The USE IT Act would support carbon utilisation and direct air capture research. Research of this kind is already taking place at research facilities such as the Integrated Test Centre outside of Gillette, Wyoming.
US Senator John Barrasso, Chairman of the Senate Committee on Environment and Public Works worked with Senate Armed Service Committee Chairman, Jim Inhofe, to include the bill in NDAA.
The bill would also support federal, state, and non-governmental collaboration in the construction and development of carbon capture, utilisation, and sequestration (CCUS) facilities and carbon dioxide (CO2) pipelines.
“I want to make American energy as clean as we can, as fast as we can without raising costs on families,” said Barrasso.

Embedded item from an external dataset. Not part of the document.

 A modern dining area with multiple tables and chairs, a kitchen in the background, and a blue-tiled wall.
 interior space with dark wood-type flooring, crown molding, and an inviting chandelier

“The best way to do that is through innovation, not government regulation. The USE IT Act is a bipartisan bill to promote carbon capture technologies that take carbon out of the air and find productive uses for it.”
“The USE IT Act aligns with my goal of making Wyoming a global leader in carbon capture technology,” said Governor Mark Gordon.
“Wyoming has made significant investments in developing carbon management technologies, recognising it is the only viable pathway to meaningfully impact CO2 reductions in a carbon constrained society,” said Jason Begger, Wyoming Infrastructure Authority’s Executive Director.